During a school board meeting on Tuesday, Richard Montgomery High School freshman Advika Agarwal urged MCPS to install at least two filling stations at each school by 2024.
“We can be more environmentally conscious and provide students with safer water through the installation of more of these stations,” said Ami Mundra, a fellow freshman at Richard Montgomery, in recorded testimony presented to the school board.
According to estimates from 2019, the last time the board seriously considered installing filling stations, it would cost about $1.2 million to put two in each school that doesn’t already have any purchased by its parent-teacher association or installed as part of recent construction projects. At that time, about 55 of the district’s 208 schools had filling stations. Updated figures were not available on Friday.
In an interview this week, school board Rebecca Smondrowski said she is “absolutely prepared to offer another resolution or budget request,” but hopes the district will pursue the stations expeditiously without those measures.
During Tuesday’s school board meeting, Associate Superintendent of Operations Essie McGuire said MCPS is committed to installing the stations when old fountains need to be replaced or when schools undergo a building project.

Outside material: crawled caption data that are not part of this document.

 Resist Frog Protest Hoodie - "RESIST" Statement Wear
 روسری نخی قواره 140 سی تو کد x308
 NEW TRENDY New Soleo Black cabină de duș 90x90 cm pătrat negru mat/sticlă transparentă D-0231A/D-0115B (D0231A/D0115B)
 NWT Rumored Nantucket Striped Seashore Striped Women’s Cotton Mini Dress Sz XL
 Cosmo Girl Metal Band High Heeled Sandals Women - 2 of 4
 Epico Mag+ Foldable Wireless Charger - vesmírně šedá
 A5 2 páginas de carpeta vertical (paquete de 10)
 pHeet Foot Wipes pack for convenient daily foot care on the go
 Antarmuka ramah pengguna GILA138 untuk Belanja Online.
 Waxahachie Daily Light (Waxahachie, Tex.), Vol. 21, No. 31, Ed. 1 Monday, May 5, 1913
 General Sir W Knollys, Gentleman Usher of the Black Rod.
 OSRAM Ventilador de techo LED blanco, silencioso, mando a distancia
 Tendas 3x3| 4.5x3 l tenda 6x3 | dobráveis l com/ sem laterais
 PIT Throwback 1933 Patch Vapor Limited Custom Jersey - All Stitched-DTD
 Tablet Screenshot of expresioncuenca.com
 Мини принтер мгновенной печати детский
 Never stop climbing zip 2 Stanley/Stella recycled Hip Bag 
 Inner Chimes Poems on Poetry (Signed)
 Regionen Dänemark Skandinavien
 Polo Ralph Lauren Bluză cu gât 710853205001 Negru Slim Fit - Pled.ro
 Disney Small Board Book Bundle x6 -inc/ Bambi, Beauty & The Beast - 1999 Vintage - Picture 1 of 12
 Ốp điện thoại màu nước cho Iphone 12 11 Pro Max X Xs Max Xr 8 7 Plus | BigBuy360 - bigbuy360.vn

“It can’t just be done on the building schedule,” Smondrowski said. “It needs to be done based on making sure every school has equity in filling stations as soon as possible. That can be a priority.”
Proponents say the stations have higher-quality water.
They also argue that the stations would quickly pay for themselves, reducing the need for the district to buy single-use plastic water bottles. That, too, would reduce the district’s impact on the environment and encourage students to use reusable bottles.
In 2018, MCPS spent approximately $415,000 on single-use water bottles given out during lunch. The school district purchased more than 3 million plastic water bottles, according to MCPS data.
“I urge you to consider how much good these water bottle filling stations will do for us,” Mundra said. “They will reduce plastic waste and increase the quality of drinking water in our schools, and this is why it’s so important to install more of these stations.”